> **WHAT TO WORK ON**
As you reproduce every line below, keep it exactly as written and leave out the images.

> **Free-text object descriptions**
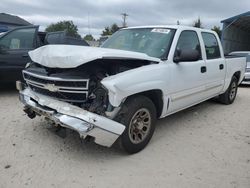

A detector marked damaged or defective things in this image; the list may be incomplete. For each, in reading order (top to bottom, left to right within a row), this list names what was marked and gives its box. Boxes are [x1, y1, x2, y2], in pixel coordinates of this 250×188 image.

crumpled hood [28, 44, 161, 68]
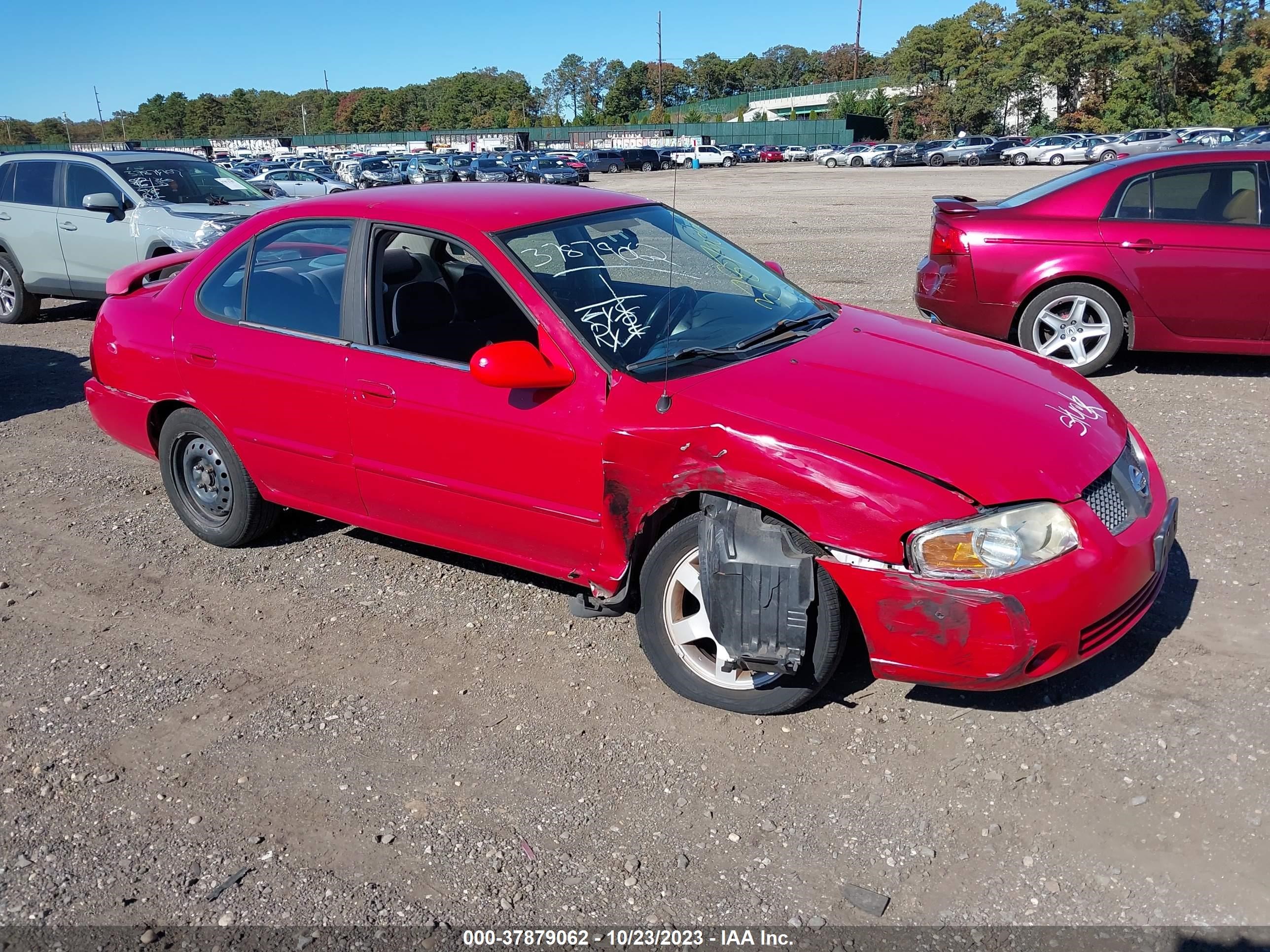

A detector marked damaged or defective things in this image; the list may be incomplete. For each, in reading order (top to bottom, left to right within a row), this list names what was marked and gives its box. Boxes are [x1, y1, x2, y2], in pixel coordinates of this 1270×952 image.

exposed wheel well [1010, 276, 1128, 347]
exposed wheel well [147, 398, 193, 451]
damaged red nissan sentra [84, 186, 1175, 717]
cracked headlight housing [907, 509, 1073, 579]
crumpled front bumper [820, 459, 1175, 690]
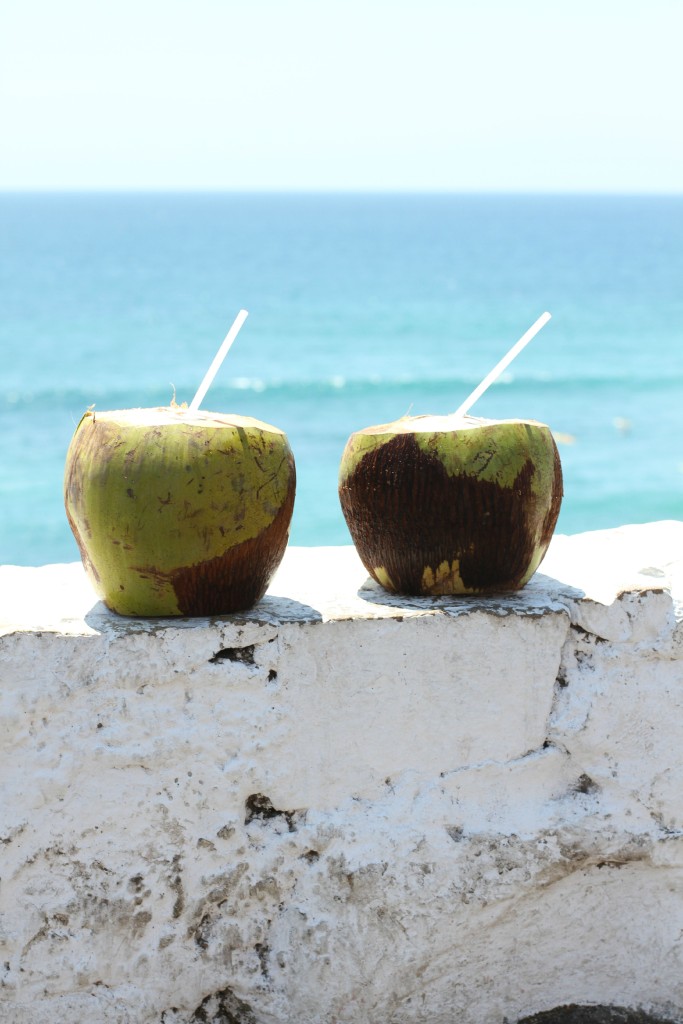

> **RESPONSE TO THIS TASK**
A detector marked damaged or defective things in this image; the list may be incomplete. For each, in reading order (top to bottom, left to right within a row), this list names what was marked and gives its box. Boxes are [x1, y1, x2, y2], in pixel coordinates of this 250×188 image.

crumpled hood [28, 44, 161, 68]

A detector marked damaged or defective things in this image; the list may be incomplete. For each, in reading order (top to bottom, left to right within a row), this list names what was marked and gives its box. Boxes are [x1, y1, x2, y2], in pixel coordinates of this 1270×952 image.

exposed wheel well [1010, 276, 1128, 347]
exposed wheel well [147, 398, 193, 451]
damaged red nissan sentra [84, 186, 1175, 717]
cracked headlight housing [907, 509, 1073, 579]
crumpled front bumper [820, 459, 1175, 690]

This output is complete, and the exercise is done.